You can choose between different formats to make a tradeoff between the size on disk, the precision, and query performance:
- 8 bytes per coordinate pair using 4-byte integer values, with limited precision.
- 16 bytes per coordinate pair using 8-byte floating-point values, which is still
more compact than the VelocyPack format used by the
geojson
Analyzer - 24 bytes per coordinate pair using the native Google S2 format to reduce the number of computations necessary when you execute geo-spatial queries.
This feature is only available in the Enterprise Edition.
See Analyzers for details.
Web Interface
The 3.10 release of ArangoDB introduces a new Web UI for Views that allows
you to view, configure, or drop arangosearch
Views.
AQL
All Shortest Paths Graph Traversal
In addition to finding any shortest path and enumerating all paths between two
vertices in order of increasing length, you can now use the new
ALL_SHORTEST_PATHS
graph traversal algorithm in AQL to get all paths of
shortest length:
FOR p IN OUTBOUND ALL_SHORTEST_PATHS 'places/Carlisle' TO 'places/London'
GRAPH 'kShortestPathsGraph'
RETURN { places: p.vertices[*].label }
See All Shortest Paths in AQL for details.
Parallelism for Sharded Graphs (Enterprise Edition)
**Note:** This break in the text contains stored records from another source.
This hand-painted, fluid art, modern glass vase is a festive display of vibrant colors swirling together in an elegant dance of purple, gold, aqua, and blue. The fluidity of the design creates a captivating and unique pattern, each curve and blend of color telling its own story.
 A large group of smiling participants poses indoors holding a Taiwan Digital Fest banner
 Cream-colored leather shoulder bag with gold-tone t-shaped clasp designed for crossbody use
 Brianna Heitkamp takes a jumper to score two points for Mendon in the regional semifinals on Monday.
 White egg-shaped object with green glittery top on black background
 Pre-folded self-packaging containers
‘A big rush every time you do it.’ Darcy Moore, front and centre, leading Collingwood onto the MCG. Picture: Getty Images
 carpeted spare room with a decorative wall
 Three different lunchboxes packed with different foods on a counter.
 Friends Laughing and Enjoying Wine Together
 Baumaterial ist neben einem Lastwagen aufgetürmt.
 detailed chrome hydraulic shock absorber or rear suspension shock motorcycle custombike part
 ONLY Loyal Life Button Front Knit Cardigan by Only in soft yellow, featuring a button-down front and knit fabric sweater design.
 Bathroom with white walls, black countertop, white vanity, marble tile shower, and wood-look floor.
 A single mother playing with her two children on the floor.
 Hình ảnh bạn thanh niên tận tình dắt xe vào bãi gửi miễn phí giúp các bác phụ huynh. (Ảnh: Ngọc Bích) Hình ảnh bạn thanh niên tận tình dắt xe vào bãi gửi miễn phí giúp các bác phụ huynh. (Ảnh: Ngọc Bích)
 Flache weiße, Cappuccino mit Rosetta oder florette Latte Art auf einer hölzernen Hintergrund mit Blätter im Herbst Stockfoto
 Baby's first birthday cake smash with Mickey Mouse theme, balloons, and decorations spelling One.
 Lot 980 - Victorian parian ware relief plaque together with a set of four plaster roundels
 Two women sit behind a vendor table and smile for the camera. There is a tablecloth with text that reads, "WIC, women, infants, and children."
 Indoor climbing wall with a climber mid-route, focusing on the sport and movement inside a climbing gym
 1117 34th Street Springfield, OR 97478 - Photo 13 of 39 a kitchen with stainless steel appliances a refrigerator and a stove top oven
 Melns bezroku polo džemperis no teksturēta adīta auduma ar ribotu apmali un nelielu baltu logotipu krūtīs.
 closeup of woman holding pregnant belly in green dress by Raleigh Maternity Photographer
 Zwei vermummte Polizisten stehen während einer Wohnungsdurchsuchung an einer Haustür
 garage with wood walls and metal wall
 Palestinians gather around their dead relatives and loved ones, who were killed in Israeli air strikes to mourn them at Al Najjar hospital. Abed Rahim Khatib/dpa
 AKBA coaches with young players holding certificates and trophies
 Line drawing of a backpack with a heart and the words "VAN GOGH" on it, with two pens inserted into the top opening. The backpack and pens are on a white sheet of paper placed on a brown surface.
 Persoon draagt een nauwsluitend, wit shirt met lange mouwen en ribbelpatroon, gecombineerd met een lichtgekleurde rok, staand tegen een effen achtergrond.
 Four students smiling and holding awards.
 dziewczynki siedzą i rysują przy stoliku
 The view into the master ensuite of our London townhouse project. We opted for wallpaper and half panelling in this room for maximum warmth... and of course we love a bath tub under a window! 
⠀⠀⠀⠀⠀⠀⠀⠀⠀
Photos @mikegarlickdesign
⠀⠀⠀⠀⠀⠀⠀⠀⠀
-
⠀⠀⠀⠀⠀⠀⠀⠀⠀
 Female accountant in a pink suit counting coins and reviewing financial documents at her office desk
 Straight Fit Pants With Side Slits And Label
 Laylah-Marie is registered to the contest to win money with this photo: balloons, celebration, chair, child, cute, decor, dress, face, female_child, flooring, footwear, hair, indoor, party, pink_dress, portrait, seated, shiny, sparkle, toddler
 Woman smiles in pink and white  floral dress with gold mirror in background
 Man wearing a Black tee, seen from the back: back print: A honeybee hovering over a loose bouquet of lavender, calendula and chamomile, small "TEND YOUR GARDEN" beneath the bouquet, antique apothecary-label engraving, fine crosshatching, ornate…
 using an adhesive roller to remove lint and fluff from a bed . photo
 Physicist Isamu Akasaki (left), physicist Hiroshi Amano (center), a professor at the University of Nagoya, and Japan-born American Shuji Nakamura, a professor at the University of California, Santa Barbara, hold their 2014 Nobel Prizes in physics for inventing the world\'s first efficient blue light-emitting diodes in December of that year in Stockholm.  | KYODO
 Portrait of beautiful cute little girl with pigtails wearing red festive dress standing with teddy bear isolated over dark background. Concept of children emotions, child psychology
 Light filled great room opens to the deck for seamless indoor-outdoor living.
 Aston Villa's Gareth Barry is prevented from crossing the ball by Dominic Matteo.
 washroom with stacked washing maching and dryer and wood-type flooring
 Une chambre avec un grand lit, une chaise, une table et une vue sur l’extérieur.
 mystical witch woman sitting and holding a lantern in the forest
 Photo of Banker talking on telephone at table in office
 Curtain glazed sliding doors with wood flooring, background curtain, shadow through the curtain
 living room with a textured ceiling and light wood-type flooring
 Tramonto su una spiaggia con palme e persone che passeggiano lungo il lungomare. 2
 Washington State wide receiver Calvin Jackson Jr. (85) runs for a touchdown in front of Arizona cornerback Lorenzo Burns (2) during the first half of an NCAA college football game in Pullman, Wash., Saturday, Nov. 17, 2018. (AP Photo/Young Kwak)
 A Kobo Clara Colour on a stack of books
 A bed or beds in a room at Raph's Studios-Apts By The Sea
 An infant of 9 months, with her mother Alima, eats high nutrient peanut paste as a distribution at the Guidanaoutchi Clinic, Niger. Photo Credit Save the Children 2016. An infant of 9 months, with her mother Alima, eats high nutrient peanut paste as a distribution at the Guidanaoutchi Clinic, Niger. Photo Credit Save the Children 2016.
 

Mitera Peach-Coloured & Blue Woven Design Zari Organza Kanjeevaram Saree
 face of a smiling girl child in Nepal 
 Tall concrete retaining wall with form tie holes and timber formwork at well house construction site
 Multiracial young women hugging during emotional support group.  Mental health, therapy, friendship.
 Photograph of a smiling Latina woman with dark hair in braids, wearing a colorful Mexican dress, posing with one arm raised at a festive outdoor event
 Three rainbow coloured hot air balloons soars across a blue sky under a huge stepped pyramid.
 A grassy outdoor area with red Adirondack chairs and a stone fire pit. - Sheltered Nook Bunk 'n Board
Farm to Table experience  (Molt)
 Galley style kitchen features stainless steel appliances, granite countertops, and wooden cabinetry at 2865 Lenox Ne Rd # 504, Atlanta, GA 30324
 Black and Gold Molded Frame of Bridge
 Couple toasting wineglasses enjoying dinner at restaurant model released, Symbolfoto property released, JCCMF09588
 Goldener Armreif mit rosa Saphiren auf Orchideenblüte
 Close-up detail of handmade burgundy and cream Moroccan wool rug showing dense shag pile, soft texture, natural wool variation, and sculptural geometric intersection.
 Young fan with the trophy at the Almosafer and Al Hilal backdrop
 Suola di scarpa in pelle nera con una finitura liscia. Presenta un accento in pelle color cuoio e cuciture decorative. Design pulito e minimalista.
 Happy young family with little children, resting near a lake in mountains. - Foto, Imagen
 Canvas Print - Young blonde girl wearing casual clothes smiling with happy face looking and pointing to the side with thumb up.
The 3.10 release supports traversal parallelism for Sharded Graphs, which means that traversals with many start vertices can now run in parallel. An almost linear performance improvement has been achieved, so the parallel processing of threads leads to faster results.
This feature supports all types of graphs - General Graphs, SmartGraphs, EnterpriseGraphs (including Disjoint).
Traversals with many start vertices can now run in parallel. A traversal always starts with one single start vertex and then explores the vertex neighborhood. When you want to explore the neighborhoods of multiple vertices, you now have the option to do multiple operations in parallel.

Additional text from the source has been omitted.